The Restaurant
87 Sussex opened in 2022 inside a restored 19th-century brownstone in Paulus Hook, the cobblestoned historic-district grid south of Grand Street and four blocks from the Exchange Place waterfront. The dining room — a single sixty-cover space across the parlour floor, with a smaller private room of fourteen at the rear — runs in restrained Greenwich-Village fine-dining mode: white tablecloths, low Murano-style lighting, a marble-topped bar with eight stools facing an open pass. Executive chef Brian Walter spent two decades through Le Cirque 2000, Lespinasse, and Guastavino's before opening 87 Sussex as his first solo project, and is an honorary member of the James Beard Foundation.

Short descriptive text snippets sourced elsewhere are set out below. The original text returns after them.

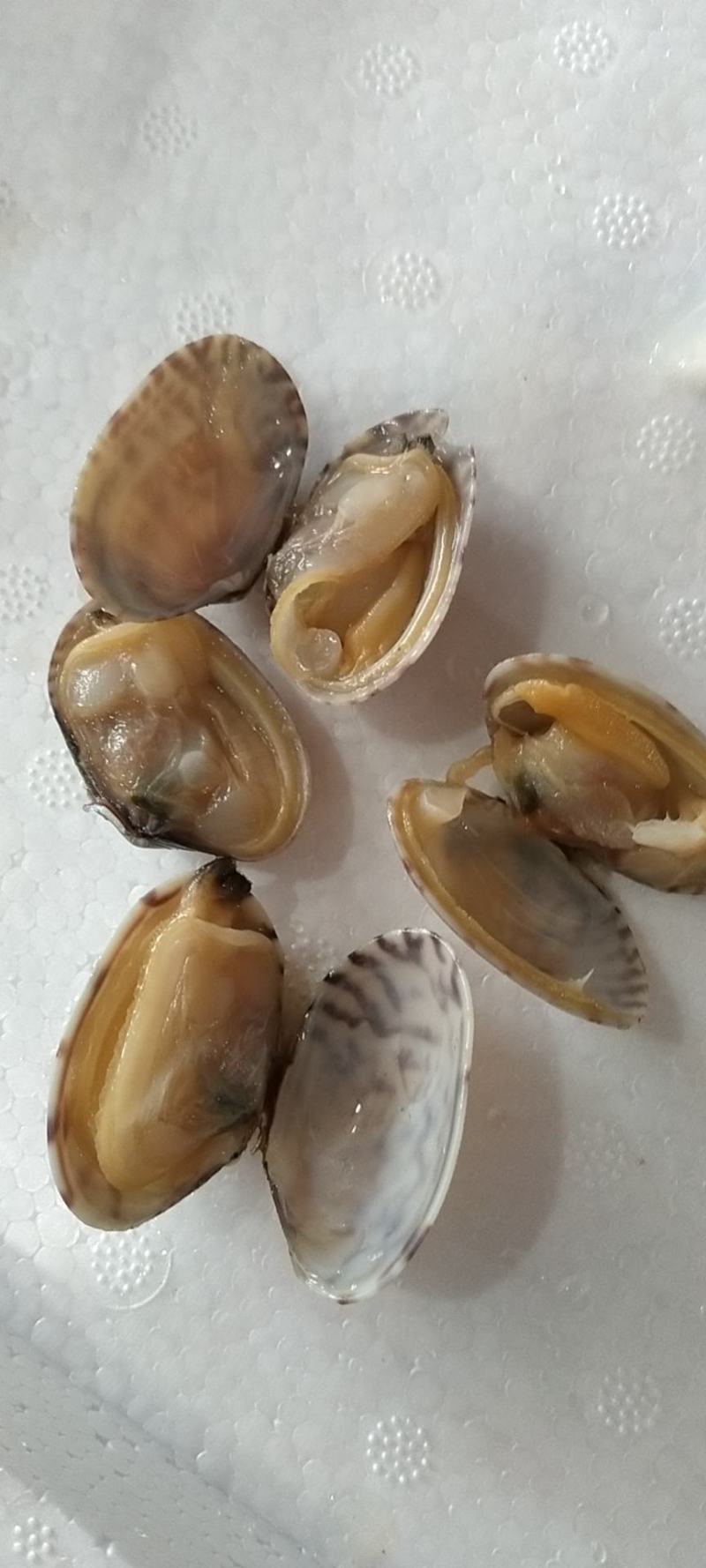 出口标准无沙即食花蛤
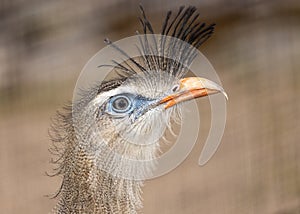 Red-legged Seriema (Cariama cristata) in South America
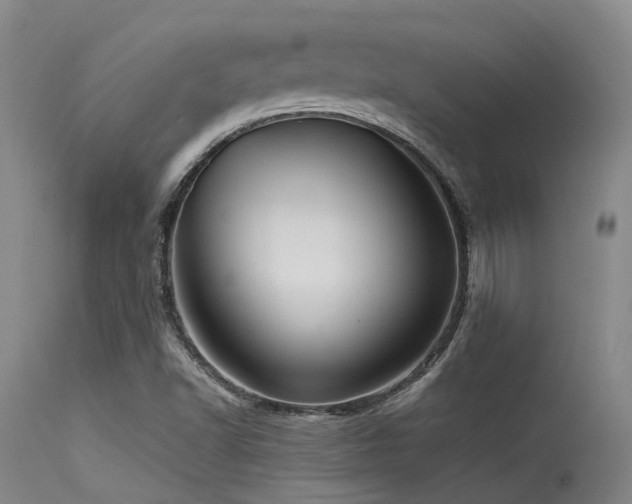 X0000115641502200911101504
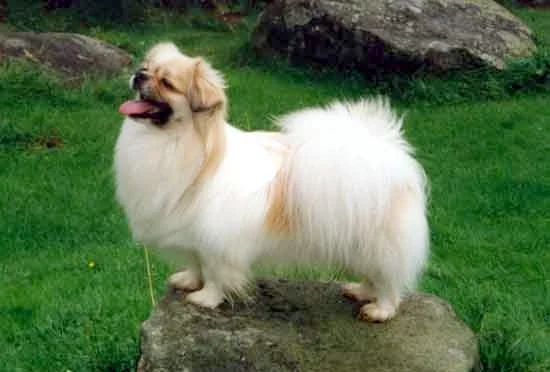 Tibetan Spaniel, a 87% match to Lowchen
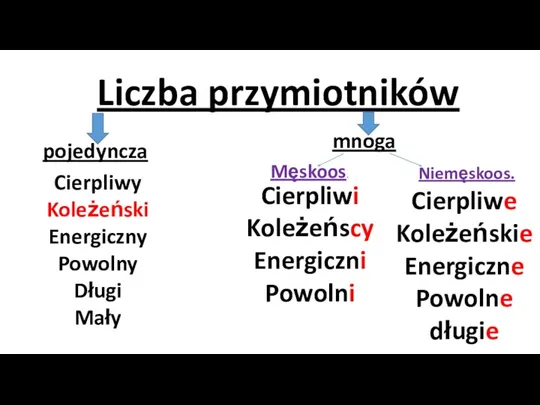 Liczba przymiotników pojedyncza mnoga Cierpliwy Koleżeński Energiczny Powolny Długi Mały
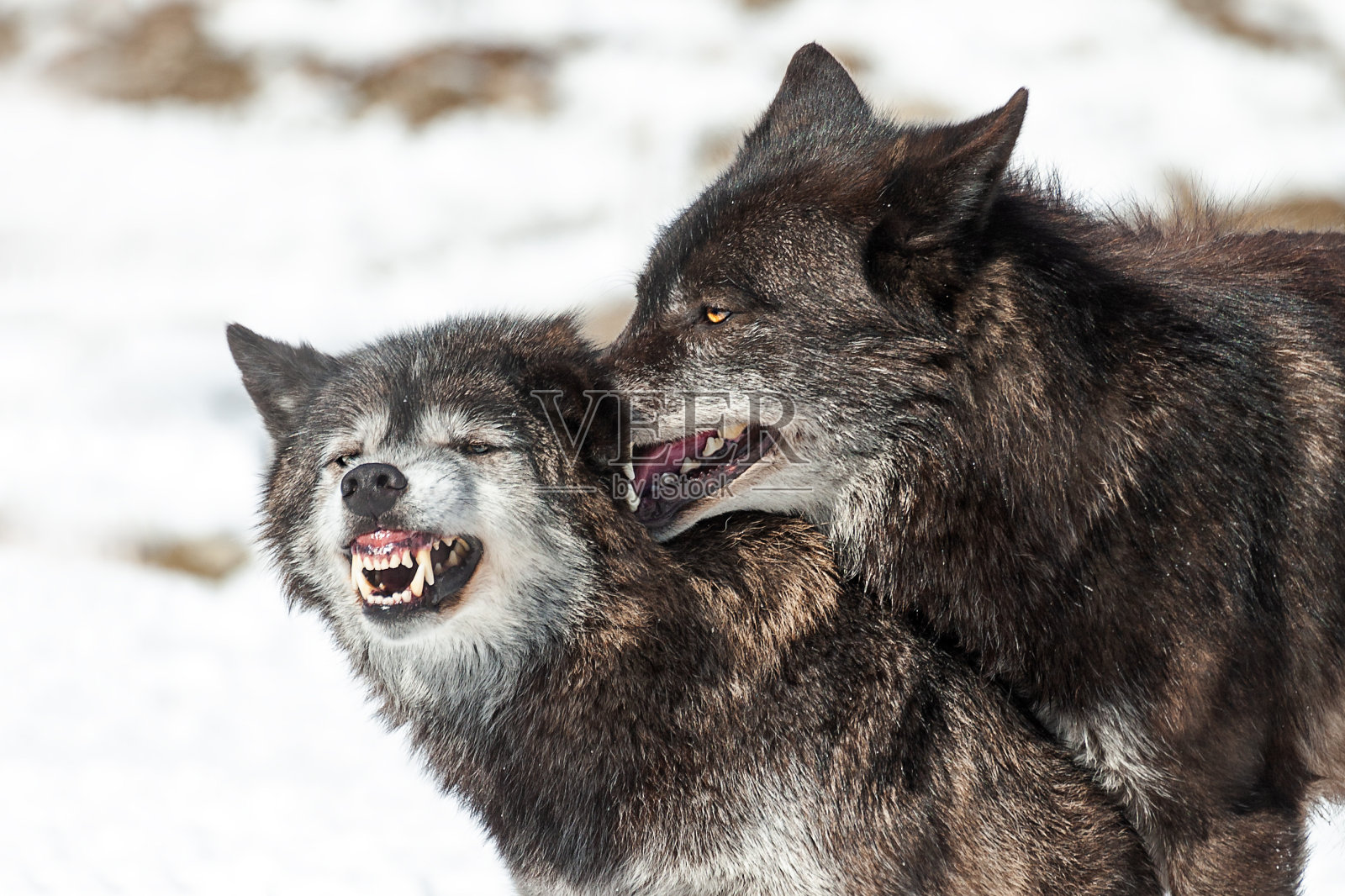 黑狼的沟通照片摄影图片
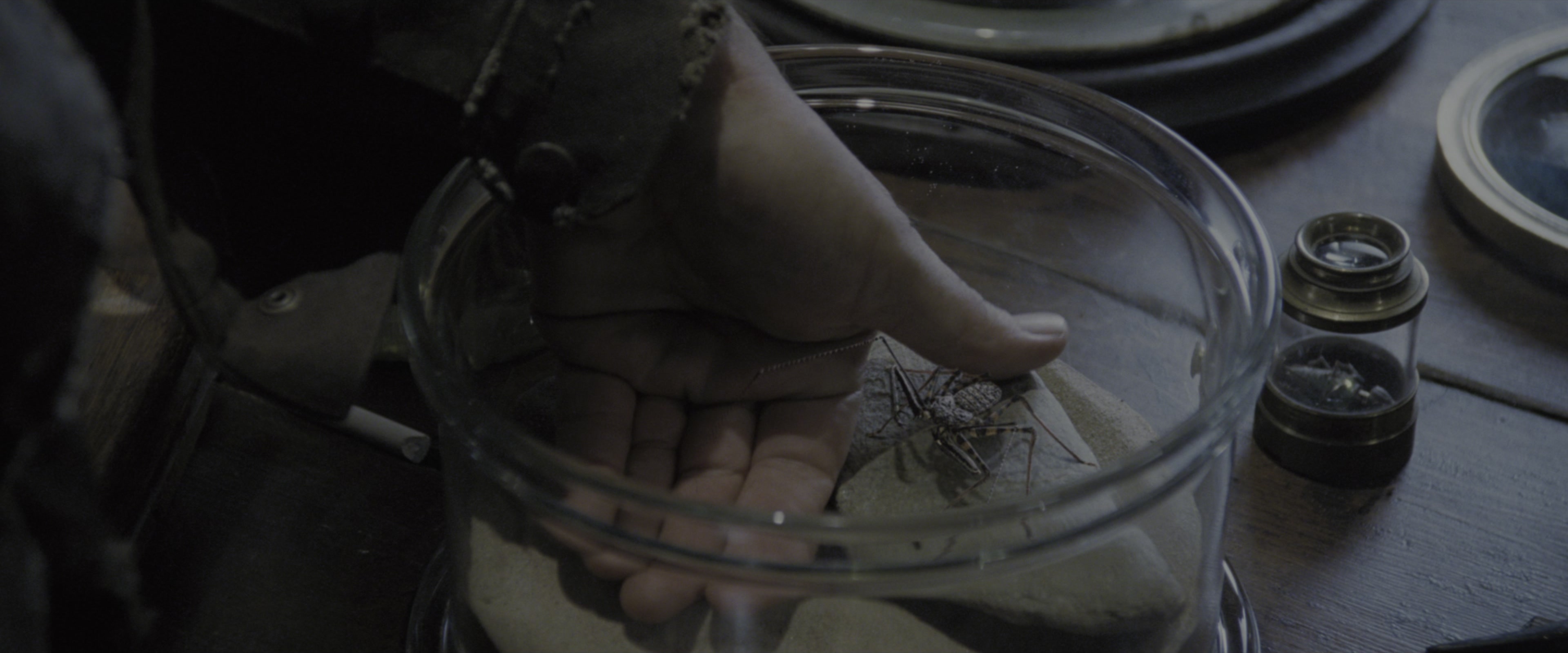 Harry Potter and the Goblet of Fire (2005), wide, 2.40:1 — film still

The cooking is French-technique-anchored New American with a tightly disciplined menu that rotates monthly. Signature dishes have settled across three years of operation: a chilled lobster cocktail with avocado and citrus that is the most-ordered starter; a quail-egg ravioli over braised oxtail in a Périgord-truffle jus that is the kitchen's signature plate; a Wagyu short rib braised in red wine with a roasted bone-marrow demi-glace; and a Tuscan-style ragu of braised rabbit over hand-cut pappardelle that returns each autumn. The pricing — an a la carte ceiling of about $90 per person before wine, an optional five-course tasting at $140 — is the city's anchor for serious occasions.
The wine programme runs about 220 references with particular Burgundy and Loire depth, a deliberately small but serious California-cult section, and a sommelier-driven by-the-glass programme that pivots monthly. Service is captain-led, fluent, and unhurried. For a Jersey City address that signals the same care as a senior Manhattan room — at a price ceiling forty percent below the equivalent across the river — 87 Sussex has become the obvious destination, and is the city's only restaurant on the JBF-honorary register.
Why This Is Jersey City’s Impress Clients Pick
For impressing a client visiting from Manhattan — particularly the finance-and-law contingent that works the World Trade Center and Brookfield Place towers and needs an after-work dinner that is not yet another Tribeca tasting room — 87 Sussex is the move. The twelve-minute PATH ride from World Trade Center lands at Exchange Place, a five-block walk to the brownstone front door. The dining room's discretion (no street signage beyond a brass plate, no social-media performance) reads as the kind of senior judgement the room is in the business of demonstrating. The wine list has the Burgundy depth to anchor a long evening. And the pricing leaves a serious bottle on the table without forcing the conversation about expense reports.